Having more backups immediately available for recovery is undoubtedly great.
I wrote previously about 7 problems with deduplication, but they’re just management problems, not functional problems. Yet, there’s one, core problem with deduplication: it’s a backup solution.
Deduplication is about backup.
It’s not about recovery.
Target deduplication? If it’s inline, like with Data Domain products, it’s stellar. Source deduplication? It massively reduces the amount of data you have to stream across your network.
When it comes to recovery though, deduplication isn’t a shining knight. That data has to be rehydrated, and unless you’re doing something really intelligent in terms of matching non-corrupt blocks, or maintaining massive deduplication caches on a client, you’re going to be rehydrating at the target rest point and streaming the full data back across the network.
That 1TB database at a remote site you’ve been backing up over a ADSL link after initial seeding, thanks to source based deduplication? How long can you afford to have the recovery take if it’s got to stream back across that ADSL link?
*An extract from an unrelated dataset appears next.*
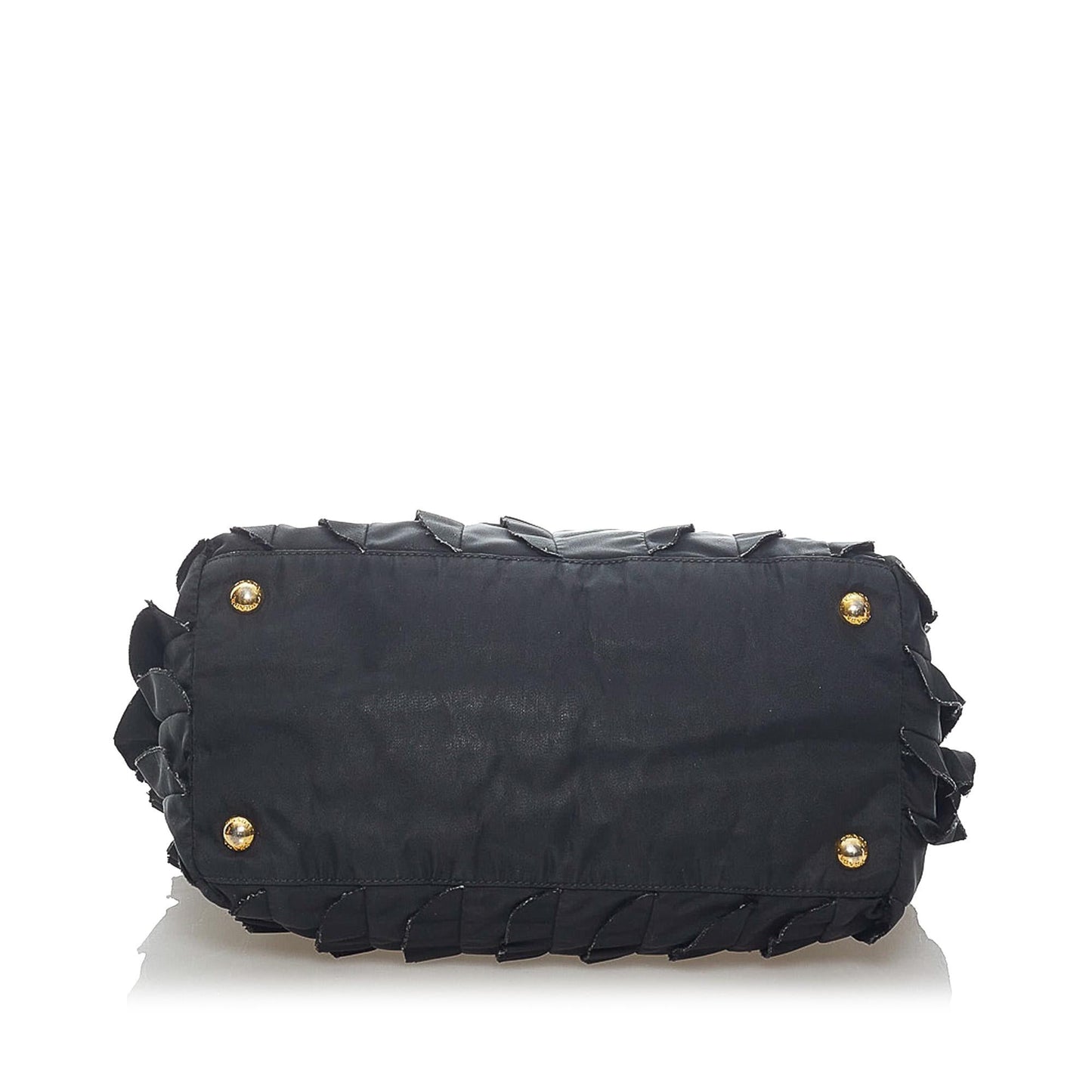 Prada Pleated Tessuto Tote Bag - Rovelle Bags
I’m not saying to avoid using deduplication. I think it’s likely to become a standard feature of backup solutions within 5 years. By itself though, it’s unlikely to speed up your recoveries. In short: if you’re deploying a data deduplication solution, after you’ve done all your sizing tests, sit down and map out what systems may present challenges during recovery from deduplicated systems (hint: it’s almost always going to be the remote ones), and make sure you have a strategy for them. Always have a strategy.
Always have a recovery strategy. After all, if you don’t, you don’t have a backup system. You’ve just got a bunch of backups.
[Edit- 2015: I must get around to writing a refutation to the article above. Keeping it for historical purposes, but I’d now argue I was approaching the problem from a reasonably flawed perspective.]
PS: Thanks to Siobhán for prodding me on this topic.